Goal of the exercise> The copy must run from the line containing "black toenail discoloration foot fungus" through the final line of the records, both included, exactly as written. It should contain no pictures.

[Record extracts — start]

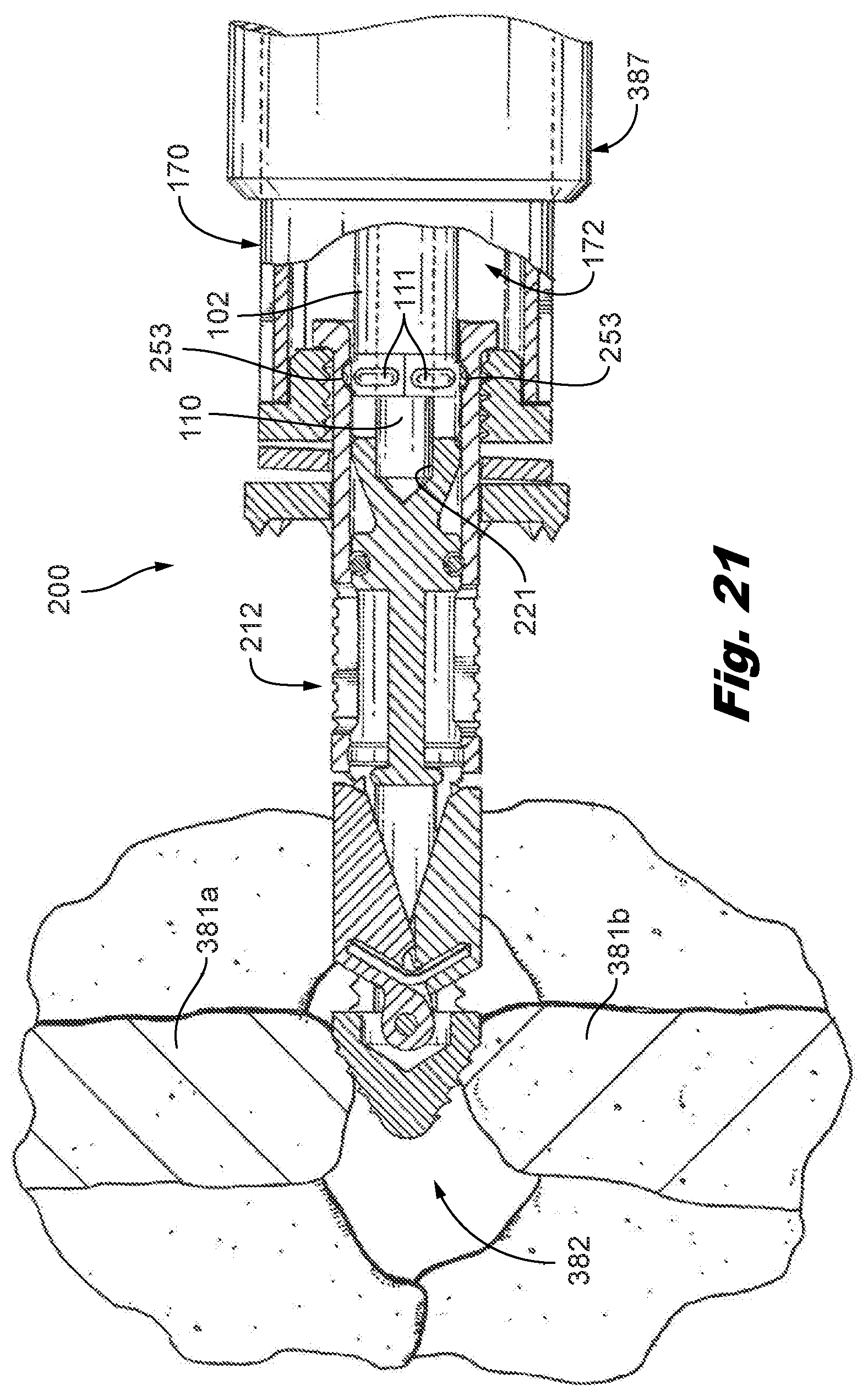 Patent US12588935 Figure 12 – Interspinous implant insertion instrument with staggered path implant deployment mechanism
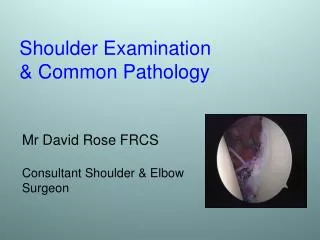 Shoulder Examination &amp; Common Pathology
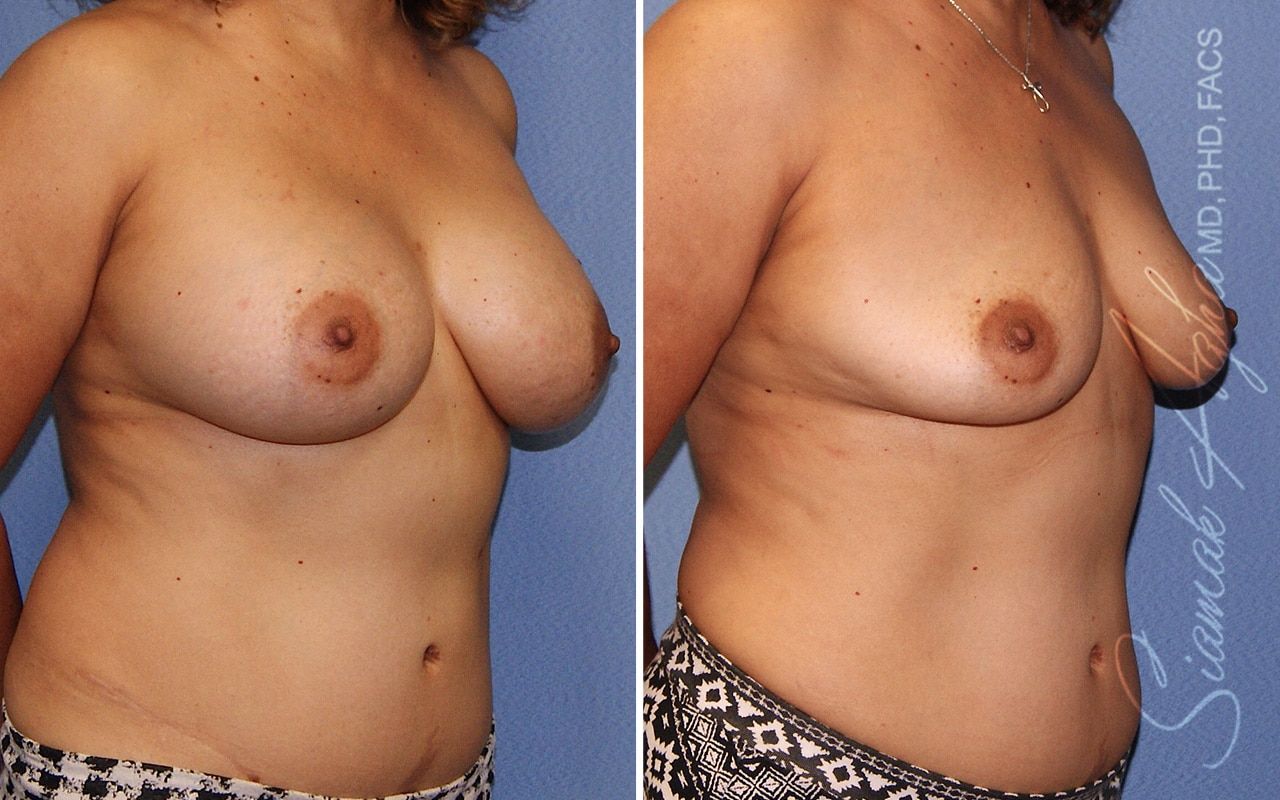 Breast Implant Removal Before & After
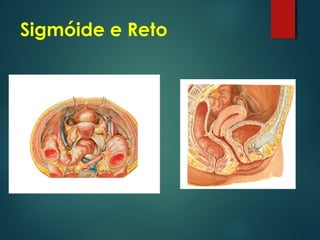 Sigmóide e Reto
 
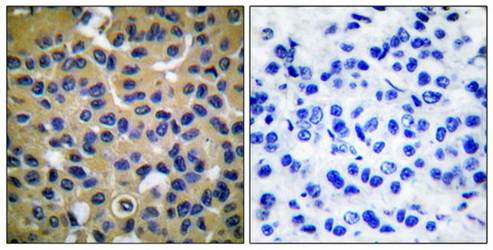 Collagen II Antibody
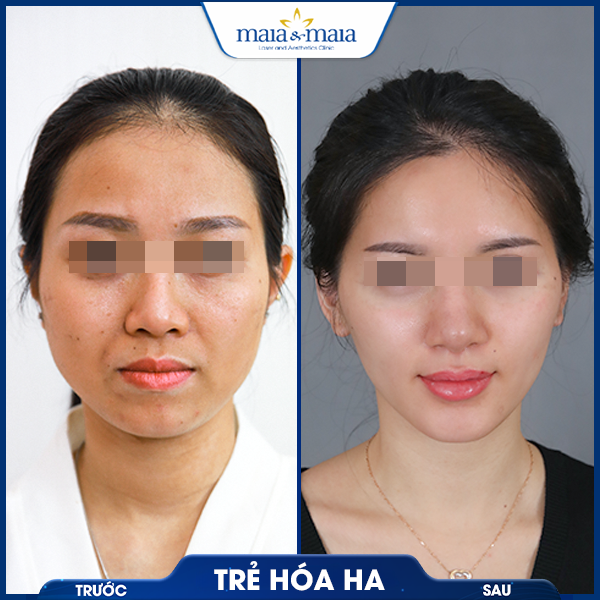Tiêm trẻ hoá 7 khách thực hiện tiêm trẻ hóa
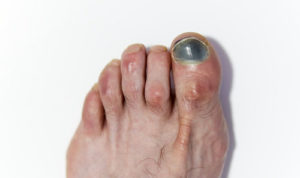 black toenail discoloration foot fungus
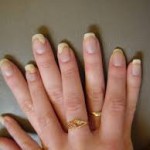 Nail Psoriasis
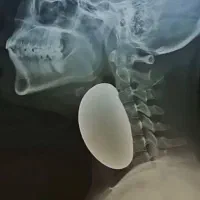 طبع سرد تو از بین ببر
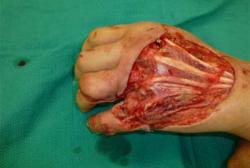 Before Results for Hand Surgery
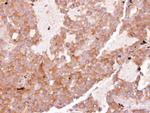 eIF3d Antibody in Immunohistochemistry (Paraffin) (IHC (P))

[Record extracts — finish]

Solution to the problem>
 black toenail discoloration foot fungus
 Nail Psoriasis
 طبع سرد تو از بین ببر
 Before Results for Hand Surgery
 eIF3d Antibody in Immunohistochemistry (Paraffin) (IHC (P))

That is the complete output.